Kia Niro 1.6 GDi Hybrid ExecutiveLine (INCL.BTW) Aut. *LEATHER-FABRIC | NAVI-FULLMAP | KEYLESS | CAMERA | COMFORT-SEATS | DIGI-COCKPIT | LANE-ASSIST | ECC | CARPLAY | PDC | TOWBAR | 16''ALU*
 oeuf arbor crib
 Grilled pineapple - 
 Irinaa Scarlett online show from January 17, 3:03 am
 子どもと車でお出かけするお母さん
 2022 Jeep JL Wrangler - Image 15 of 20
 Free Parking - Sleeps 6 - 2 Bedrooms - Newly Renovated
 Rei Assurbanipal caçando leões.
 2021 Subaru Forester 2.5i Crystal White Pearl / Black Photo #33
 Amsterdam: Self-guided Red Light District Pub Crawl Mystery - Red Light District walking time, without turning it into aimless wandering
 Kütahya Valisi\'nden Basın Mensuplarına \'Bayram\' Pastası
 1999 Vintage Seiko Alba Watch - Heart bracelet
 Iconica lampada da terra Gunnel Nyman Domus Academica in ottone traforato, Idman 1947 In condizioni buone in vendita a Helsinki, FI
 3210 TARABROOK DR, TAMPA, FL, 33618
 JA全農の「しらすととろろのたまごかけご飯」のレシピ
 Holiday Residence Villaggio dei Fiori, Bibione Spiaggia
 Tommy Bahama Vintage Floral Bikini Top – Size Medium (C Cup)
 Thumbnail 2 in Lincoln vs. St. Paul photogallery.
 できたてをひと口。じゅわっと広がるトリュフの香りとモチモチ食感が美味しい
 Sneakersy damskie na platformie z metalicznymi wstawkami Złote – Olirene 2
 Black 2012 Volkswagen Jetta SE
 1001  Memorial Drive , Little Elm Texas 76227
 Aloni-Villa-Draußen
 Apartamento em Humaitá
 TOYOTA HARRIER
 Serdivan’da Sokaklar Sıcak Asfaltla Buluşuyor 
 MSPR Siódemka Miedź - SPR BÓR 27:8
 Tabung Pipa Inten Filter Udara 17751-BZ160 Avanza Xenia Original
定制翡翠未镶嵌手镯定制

·····

## Required work
Keeping every line exactly as it is, retype the entries shown above.

## Answer box
Kia Niro 1.6 GDi Hybrid ExecutiveLine (INCL.BTW) Aut. *LEATHER-FABRIC | NAVI-FULLMAP | KEYLESS | CAMERA | COMFORT-SEATS | DIGI-COCKPIT | LANE-ASSIST | ECC | CARPLAY | PDC | TOWBAR | 16''ALU*
 oeuf arbor crib
 Grilled pineapple - 
 Irinaa Scarlett online show from January 17, 3:03 am
 子どもと車でお出かけするお母さん
 2022 Jeep JL Wrangler - Image 15 of 20
 Free Parking - Sleeps 6 - 2 Bedrooms - Newly Renovated
 Rei Assurbanipal caçando leões.
 2021 Subaru Forester 2.5i Crystal White Pearl / Black Photo #33
 Amsterdam: Self-guided Red Light District Pub Crawl Mystery - Red Light District walking time, without turning it into aimless wandering
 Kütahya Valisi\'nden Basın Mensuplarına \'Bayram\' Pastası
 1999 Vintage Seiko Alba Watch - Heart bracelet
 Iconica lampada da terra Gunnel Nyman Domus Academica in ottone traforato, Idman 1947 In condizioni buone in vendita a Helsinki, FI
 3210 TARABROOK DR, TAMPA, FL, 33618
 JA全農の「しらすととろろのたまごかけご飯」のレシピ
 Holiday Residence Villaggio dei Fiori, Bibione Spiaggia
 Tommy Bahama Vintage Floral Bikini Top – Size Medium (C Cup)
 Thumbnail 2 in Lincoln vs. St. Paul photogallery.
 できたてをひと口。じゅわっと広がるトリュフの香りとモチモチ食感が美味しい
 Sneakersy damskie na platformie z metalicznymi wstawkami Złote – Olirene 2
 Black 2012 Volkswagen Jetta SE
 1001  Memorial Drive , Little Elm Texas 76227
 Aloni-Villa-Draußen
 Apartamento em Humaitá
 TOYOTA HARRIER
 Serdivan’da Sokaklar Sıcak Asfaltla Buluşuyor 
 MSPR Siódemka Miedź - SPR BÓR 27:8
 Tabung Pipa Inten Filter Udara 17751-BZ160 Avanza Xenia Original
定制翡翠未镶嵌手镯定制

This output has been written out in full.